───── Data supplied

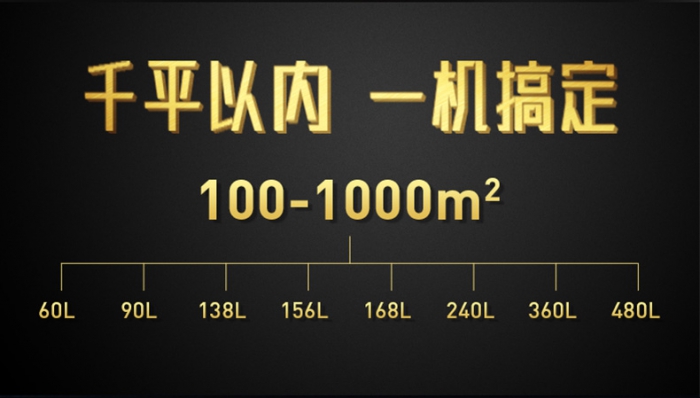 為何怎么除濕都沒用？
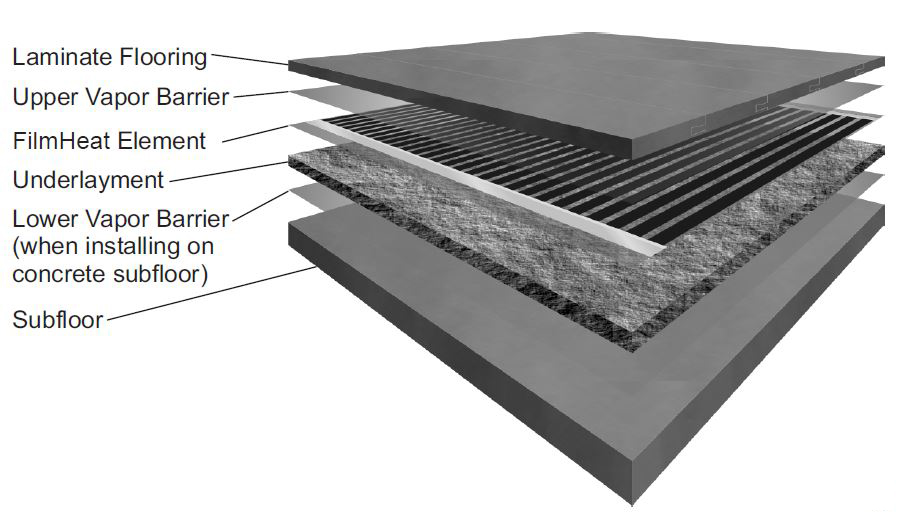 FilmHeat floor heating element installed.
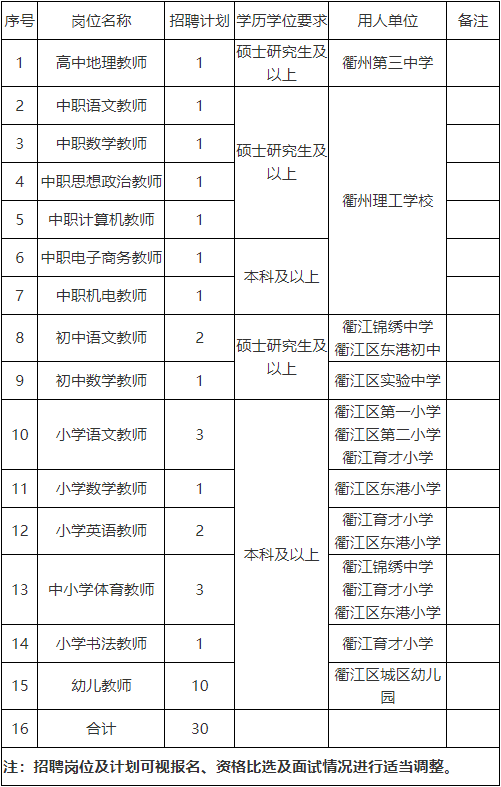 浙江省衢州市衢江区事业编制教师招聘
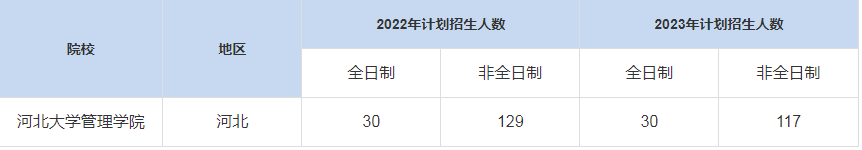 历年河北大学管理学院MBA招生人数汇总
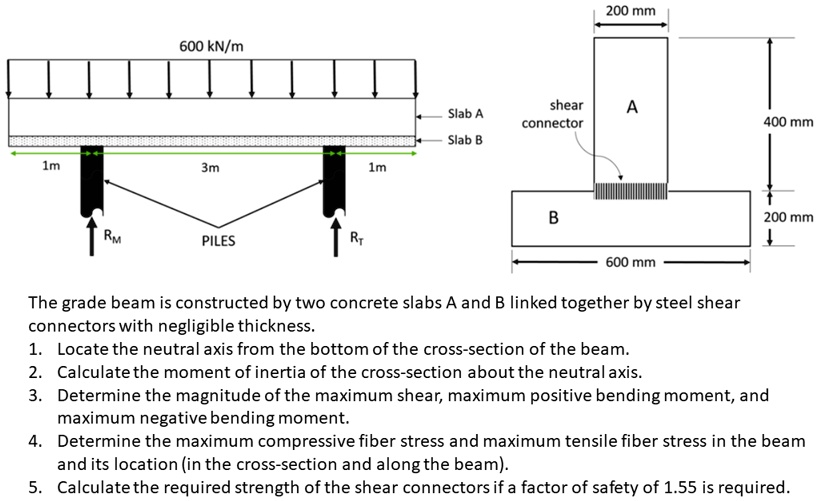 SOLVED 200 mm 600 kN/m shear connector Slab A A 400 mm Slab B 1m 3m 1m B 200 mm PILES 600 mm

──────────

Task requirements — Your copy must hold exactly the lines from the one with "FilmHeat floor heating element installed." to the end of the records above, both included, and no pictures.

Result for this exercise —
 FilmHeat floor heating element installed.
 浙江省衢州市衢江区事业编制教师招聘
 历年河北大学管理学院MBA招生人数汇总
 SOLVED 200 mm 600 kN/m shear connector Slab A A 400 mm Slab B 1m 3m 1m B 200 mm PILES 600 mm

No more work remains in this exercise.